# Metal Detectors



## MDShunk

Sorry, I only have experience with Mettler-Toledo and OCS, and find them both decent brands. Never actually heard of the brands you're dealing with. In general, if balance voltage is maxed out, you might see if there's a phase angle setting you can fuss with next.


----------



## Jay Freeman

Thanks for the reply. I'll see what I can figure out.


----------



## BrettC

Jay Freeman said:


> I'm just curious if anyone here is familiar with how to re-balance these units.


Were you able to come up with any techniques to return them to normal operation? We have a variety of metal detectors at my new job and it's been quite the experience learning all the quirks of the system.

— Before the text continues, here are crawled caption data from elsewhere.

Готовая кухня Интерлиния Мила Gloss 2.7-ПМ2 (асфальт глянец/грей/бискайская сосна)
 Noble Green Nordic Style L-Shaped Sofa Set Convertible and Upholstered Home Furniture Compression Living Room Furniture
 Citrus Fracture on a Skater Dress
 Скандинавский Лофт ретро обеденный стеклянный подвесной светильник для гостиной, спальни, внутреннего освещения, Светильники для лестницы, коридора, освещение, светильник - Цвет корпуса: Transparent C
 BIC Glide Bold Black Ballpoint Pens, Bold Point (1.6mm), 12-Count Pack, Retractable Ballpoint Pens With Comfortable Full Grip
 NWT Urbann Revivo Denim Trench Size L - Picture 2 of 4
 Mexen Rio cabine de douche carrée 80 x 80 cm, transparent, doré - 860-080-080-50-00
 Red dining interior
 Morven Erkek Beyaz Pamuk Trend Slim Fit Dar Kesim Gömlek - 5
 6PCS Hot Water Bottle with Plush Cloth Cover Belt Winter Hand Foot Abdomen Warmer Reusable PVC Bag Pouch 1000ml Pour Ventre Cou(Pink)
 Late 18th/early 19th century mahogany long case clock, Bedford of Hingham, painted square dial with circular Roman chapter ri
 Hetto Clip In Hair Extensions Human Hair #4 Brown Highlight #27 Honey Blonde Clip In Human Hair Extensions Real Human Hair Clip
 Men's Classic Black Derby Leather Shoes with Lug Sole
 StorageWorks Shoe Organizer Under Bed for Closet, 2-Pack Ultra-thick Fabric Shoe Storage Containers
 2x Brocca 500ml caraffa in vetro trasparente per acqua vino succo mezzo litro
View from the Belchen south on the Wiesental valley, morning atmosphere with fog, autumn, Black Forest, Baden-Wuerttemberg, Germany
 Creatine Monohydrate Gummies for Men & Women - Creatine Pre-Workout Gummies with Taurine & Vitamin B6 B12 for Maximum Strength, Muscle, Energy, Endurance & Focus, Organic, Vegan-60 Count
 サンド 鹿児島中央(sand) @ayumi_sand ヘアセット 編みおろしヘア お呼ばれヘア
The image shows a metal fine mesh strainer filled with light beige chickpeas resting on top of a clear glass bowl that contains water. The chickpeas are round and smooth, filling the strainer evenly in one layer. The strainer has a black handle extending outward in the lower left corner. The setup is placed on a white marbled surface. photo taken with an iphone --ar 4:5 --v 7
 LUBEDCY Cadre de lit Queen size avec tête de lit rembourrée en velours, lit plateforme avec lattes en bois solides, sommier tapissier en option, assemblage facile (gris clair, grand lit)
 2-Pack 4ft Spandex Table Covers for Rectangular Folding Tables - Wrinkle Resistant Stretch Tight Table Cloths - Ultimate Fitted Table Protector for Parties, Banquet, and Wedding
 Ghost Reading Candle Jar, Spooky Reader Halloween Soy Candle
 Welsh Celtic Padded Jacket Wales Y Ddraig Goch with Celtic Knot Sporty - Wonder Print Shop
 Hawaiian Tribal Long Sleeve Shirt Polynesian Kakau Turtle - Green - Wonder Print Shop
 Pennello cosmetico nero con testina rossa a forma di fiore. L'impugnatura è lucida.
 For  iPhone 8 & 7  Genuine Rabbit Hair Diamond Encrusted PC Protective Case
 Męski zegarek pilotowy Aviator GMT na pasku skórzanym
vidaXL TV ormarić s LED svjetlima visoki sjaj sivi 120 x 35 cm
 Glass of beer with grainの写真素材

There's one I've been on twice this week where the solution seems to be to up the sensitivity and then return it to the same setting and it suddenly works fine again.


----------



## Jay Freeman

The 2 units that I'm having the false trigger and balance issues with, are the Lock systems.

The company was taken over by Loma who offers very little technical assistance and nothing at all regarding re-balancing. For re-balancing, we'll need to call in a service technician but for now, I was able to eliminate the false triggers by experimenting with the phase angle. 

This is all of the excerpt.